Work order
Set out exactly, and only, the lines running from the one containing "Bí quyết áp dụng mẹo cược 8XBET" to the bottom of the listing below; pictures stay out.

Provided data
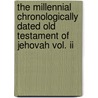 The Millennial Chronologically Dated Old Testament Of Jehovah Vol. Ii door Walter Curtis Lichfield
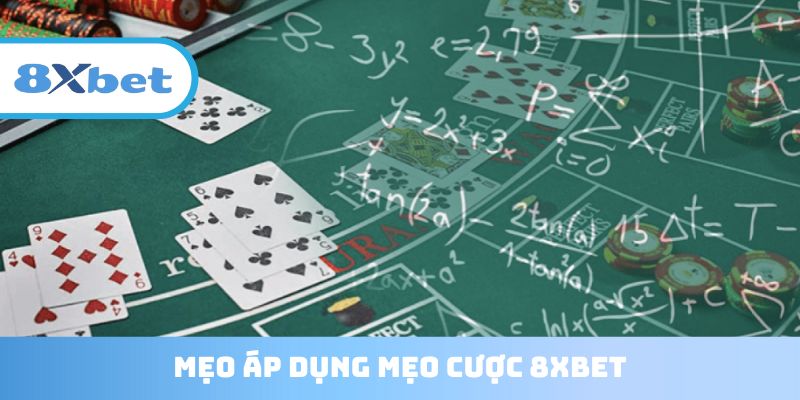 Bí quyết áp dụng mẹo cược 8XBET 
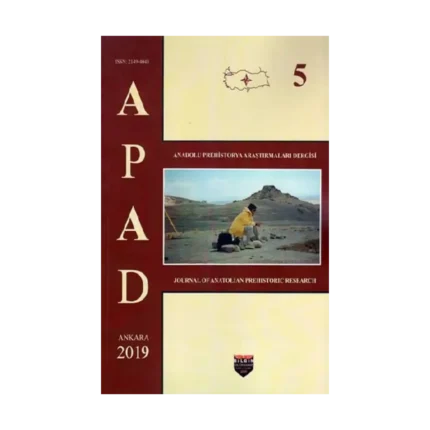 Anadolu Prehistorya Araştırmaları - 5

Solution to this task
 Bí quyết áp dụng mẹo cược 8XBET 
 Anadolu Prehistorya Araştırmaları - 5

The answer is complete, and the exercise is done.